What the exercise asks
In the listing, find every line that has the string "with" and copy it.

Supplied records
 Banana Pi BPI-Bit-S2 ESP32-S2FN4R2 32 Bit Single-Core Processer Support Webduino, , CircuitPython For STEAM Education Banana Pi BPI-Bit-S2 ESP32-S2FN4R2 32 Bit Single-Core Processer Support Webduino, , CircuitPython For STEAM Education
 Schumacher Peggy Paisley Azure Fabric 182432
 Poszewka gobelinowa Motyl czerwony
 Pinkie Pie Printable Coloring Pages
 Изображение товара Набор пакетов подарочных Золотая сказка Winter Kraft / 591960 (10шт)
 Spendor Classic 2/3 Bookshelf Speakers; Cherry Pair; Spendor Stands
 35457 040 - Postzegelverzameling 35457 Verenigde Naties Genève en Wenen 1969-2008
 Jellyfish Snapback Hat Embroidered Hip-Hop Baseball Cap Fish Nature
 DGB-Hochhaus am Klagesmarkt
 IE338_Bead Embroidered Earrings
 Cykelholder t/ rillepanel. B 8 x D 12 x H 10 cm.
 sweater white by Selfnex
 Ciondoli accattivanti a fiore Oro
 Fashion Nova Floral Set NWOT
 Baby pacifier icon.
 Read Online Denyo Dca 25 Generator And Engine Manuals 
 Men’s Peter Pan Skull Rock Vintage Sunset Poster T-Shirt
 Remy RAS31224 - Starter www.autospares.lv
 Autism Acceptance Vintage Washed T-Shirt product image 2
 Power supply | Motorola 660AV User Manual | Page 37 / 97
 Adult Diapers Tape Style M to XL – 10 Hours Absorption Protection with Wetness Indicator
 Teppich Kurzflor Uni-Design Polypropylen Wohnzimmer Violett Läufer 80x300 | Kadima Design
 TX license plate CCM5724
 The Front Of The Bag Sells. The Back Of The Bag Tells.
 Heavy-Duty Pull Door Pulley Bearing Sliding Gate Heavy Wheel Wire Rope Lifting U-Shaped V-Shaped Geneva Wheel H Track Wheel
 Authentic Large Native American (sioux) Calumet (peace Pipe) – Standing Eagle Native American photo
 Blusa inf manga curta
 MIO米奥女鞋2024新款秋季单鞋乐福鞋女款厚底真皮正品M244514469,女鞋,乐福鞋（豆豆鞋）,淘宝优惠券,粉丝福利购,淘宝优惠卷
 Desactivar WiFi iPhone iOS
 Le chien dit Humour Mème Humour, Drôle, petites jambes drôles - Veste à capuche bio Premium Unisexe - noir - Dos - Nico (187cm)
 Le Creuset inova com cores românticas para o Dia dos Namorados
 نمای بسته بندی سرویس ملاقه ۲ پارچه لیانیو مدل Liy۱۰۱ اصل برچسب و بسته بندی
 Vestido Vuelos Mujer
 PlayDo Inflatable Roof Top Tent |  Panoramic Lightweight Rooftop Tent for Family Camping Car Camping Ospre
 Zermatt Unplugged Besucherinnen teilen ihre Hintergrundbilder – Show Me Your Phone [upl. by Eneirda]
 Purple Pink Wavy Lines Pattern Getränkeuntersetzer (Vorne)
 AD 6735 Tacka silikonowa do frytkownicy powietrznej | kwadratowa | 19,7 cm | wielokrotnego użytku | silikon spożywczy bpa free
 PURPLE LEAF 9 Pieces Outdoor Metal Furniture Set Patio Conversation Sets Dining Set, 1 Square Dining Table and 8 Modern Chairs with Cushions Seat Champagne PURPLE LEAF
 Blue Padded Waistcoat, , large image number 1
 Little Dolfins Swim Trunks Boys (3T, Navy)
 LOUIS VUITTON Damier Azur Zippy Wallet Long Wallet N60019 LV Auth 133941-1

The completed task
 Adult Diapers Tape Style M to XL – 10 Hours Absorption Protection with Wetness Indicator
 PURPLE LEAF 9 Pieces Outdoor Metal Furniture Set Patio Conversation Sets Dining Set, 1 Square Dining Table and 8 Modern Chairs with Cushions Seat Champagne PURPLE LEAF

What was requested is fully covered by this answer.